Activity ▸ Repeat, please, only the lines from the top of the data down to the line with "Your own color"; include both of those lines.

Available records ▸
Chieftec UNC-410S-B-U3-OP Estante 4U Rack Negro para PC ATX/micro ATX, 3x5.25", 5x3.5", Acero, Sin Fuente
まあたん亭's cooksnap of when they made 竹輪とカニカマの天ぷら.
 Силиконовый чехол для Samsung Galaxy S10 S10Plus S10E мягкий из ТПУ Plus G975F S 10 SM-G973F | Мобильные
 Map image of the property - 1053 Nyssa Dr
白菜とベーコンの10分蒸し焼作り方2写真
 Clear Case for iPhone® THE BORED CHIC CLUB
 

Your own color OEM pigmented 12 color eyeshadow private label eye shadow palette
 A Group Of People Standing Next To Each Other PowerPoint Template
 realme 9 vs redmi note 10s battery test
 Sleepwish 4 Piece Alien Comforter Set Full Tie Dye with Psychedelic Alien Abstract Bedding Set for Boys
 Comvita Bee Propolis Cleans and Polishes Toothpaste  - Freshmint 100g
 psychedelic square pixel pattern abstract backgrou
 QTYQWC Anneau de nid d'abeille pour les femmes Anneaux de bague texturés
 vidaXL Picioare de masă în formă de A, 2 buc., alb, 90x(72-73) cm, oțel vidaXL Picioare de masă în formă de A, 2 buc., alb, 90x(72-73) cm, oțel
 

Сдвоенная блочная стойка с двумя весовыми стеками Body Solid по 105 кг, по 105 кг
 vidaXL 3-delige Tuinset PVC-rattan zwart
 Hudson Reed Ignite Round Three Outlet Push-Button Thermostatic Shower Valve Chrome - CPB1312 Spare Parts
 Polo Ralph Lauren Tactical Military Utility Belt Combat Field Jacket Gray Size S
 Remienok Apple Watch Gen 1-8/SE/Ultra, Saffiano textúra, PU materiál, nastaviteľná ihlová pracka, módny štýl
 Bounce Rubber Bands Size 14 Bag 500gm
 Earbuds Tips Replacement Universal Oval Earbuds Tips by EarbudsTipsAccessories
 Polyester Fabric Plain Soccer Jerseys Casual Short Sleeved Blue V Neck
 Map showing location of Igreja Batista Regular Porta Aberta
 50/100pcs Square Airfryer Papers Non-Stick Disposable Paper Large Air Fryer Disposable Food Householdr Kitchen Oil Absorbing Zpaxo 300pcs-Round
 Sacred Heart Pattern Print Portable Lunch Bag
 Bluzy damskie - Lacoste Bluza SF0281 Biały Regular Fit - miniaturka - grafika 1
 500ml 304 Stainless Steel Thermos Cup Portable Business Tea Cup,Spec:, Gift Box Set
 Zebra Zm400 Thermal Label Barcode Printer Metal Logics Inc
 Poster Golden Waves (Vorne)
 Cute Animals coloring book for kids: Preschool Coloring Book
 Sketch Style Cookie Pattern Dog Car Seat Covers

Answer for this exercise ▸
Chieftec UNC-410S-B-U3-OP Estante 4U Rack Negro para PC ATX/micro ATX, 3x5.25", 5x3.5", Acero, Sin Fuente
まあたん亭's cooksnap of when they made 竹輪とカニカマの天ぷら.
 Силиконовый чехол для Samsung Galaxy S10 S10Plus S10E мягкий из ТПУ Plus G975F S 10 SM-G973F | Мобильные
 Map image of the property - 1053 Nyssa Dr
白菜とベーコンの10分蒸し焼作り方2写真
 Clear Case for iPhone® THE BORED CHIC CLUB
 

Your own color OEM pigmented 12 color eyeshadow private label eye shadow palette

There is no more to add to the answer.